It’s been six years – seven if you’re reading this in the summer of 2015, which we won’t discount, even if reading becomes obsolete in an insanely compressed time frame – since Mike Pace has been musically active in any public sense. That was the year that the well-loved, critical darling rock band that he fronted, Oxford Collapse ... well, collapsed. They had a good run, with two albums for Kanine and two more for Sub Pop, all of which pushed for the revival of ‘80s minded collegiate guitar pop through the twinned nuclear winters of electroclash and the garage-punk revival, all but holding the door for groups like Vampire Weekend and Real Estate to rush in and achieve success.
In the interim, Pace moved to Austin, Texas with his wife while she finished grad school, eventually returning to a New York City that was much like he’d left it, where he co-hosted over 100 episodes of a podcast called Worst Gig Ever, where musicians, comedians and other performers took turns recalling their most painful resentments in service of their craft. He’s also been diligently working on music both as a career path and for his own edification, the fruits of the latter you now have in front of you: Best Boy, 11 new songs by Mike Pace and the Child Actors.

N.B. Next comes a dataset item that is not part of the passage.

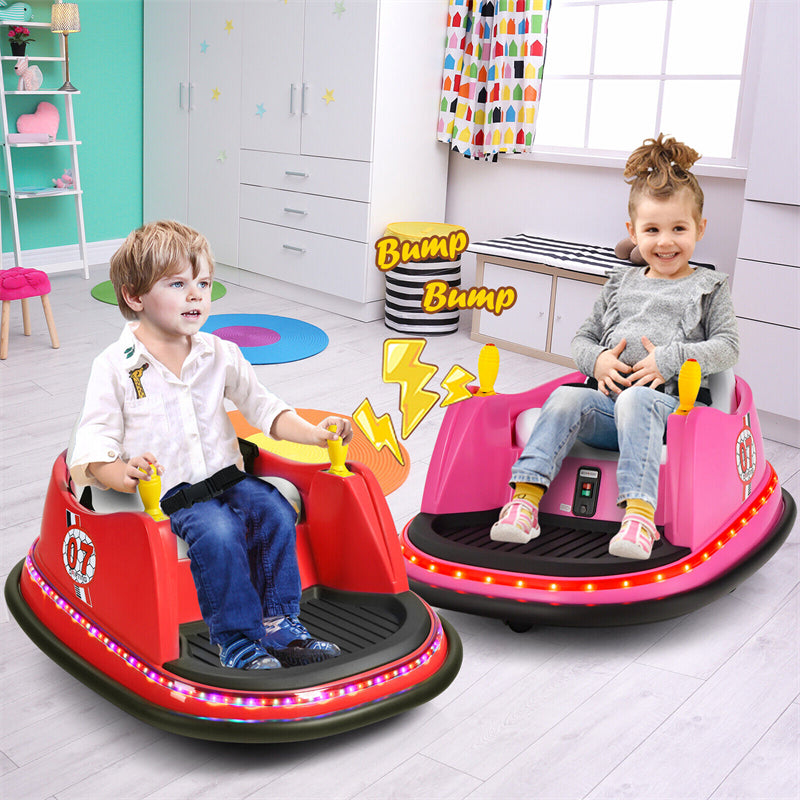 12V Kids Electric Ride On Bumper Car 360° Spin Race Toy Vehicle with Remote Control & Dual Joysticks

Fans of Oxford Collapse should be able to get what’s going on here right away, as Pace left clues even in that group’s last days as to where this music might be headed: namely, the B-side “Spike of Bensonhurst,” with its piano-lesson lead and winsome lyrics about returning to a place called home after a long time away, neatly frame up many of the directions explored on Best Boy. Keyboard-led callbacks to mix tapes, green grass, the new release wall, borrowing the car (a high-mileage Japanese import that would see another 20 years on the road), traveling to the city, sleepovers, White Castle, and the concepts of progress and an exciting future that many of us kids of the ‘80s and ‘90s were promised – rather than the dystopian bureaucracy we failed to heed the warnings about – conspire to tell a story of Pace’s upbringing on Long Island. Filmic reminiscences scatter throughout the album, seeding a fascination with movies in an era where more choices were made to the consumer than any before, where we focused on screen credits and transposed our own hopes and desires to the contents of VHS rentals.